The data:
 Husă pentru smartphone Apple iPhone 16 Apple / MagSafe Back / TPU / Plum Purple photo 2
...
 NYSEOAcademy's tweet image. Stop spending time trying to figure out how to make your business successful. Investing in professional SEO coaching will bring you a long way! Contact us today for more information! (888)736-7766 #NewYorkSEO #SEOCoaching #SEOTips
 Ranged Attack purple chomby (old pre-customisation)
* * *
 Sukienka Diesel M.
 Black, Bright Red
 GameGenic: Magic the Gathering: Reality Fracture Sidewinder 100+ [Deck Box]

What needs to be done: Please transcribe exactly the lines above from the line that has "NYSEOAcademy's tweet image." up to and including the line that has "Ranged Attack purple"; no other line belongs in the answer.

Reply to the exercise:
 NYSEOAcademy's tweet image. Stop spending time trying to figure out how to make your business successful. Investing in professional SEO coaching will bring you a long way! Contact us today for more information! (888)736-7766 #NewYorkSEO #SEOCoaching #SEOTips
 Ranged Attack purple chomby (old pre-customisation)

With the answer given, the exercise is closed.